(ditulis dalam rangka Lomba Esai Nasional Festival Timur Tengah UI 2014. Meraih Juara Harapan 1)
3
Juli 2013 militer Mesir melakukan kudeta terhadap pemerintahan Mesir yang sah,
yang dipimpin oleh Mohamed Morsi. Kudeta tersebut dipimpin oleh Jenderal Abdul
Fattah Al-Sisi yang tidak lain adalah Panglima Angkatan Bersenjata Mesir
sekaligus Menteri Pertahanan di kabinet Morsi.
Perseteruan
antara pendukung Morsi dan pendukung militer terjadi dan merambat sampai terjadinya
bentrokan kedua pihak.
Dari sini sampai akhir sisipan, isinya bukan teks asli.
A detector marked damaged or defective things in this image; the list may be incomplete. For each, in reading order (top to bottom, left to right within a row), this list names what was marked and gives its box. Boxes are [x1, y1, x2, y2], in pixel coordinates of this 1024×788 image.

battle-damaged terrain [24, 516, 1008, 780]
Tercatat 638 orang meninggal akibat bentrokan yang
terjadi hingga Agustus 2013 dan korban terluka yang mencapai angka empat ribu
orang sepanjang 2013. Data yang dirilis media resmi Ikhwanul Muslimin melansir
jumlah korban meninggal mencapai 2.600 orang dan lebih dari sepuluh ribu orang
terluka dari kedua belah pihak. Belum lagi dengan rusaknya berbagai fasilitas
umum dan teror yang dirasakan masyarakat1.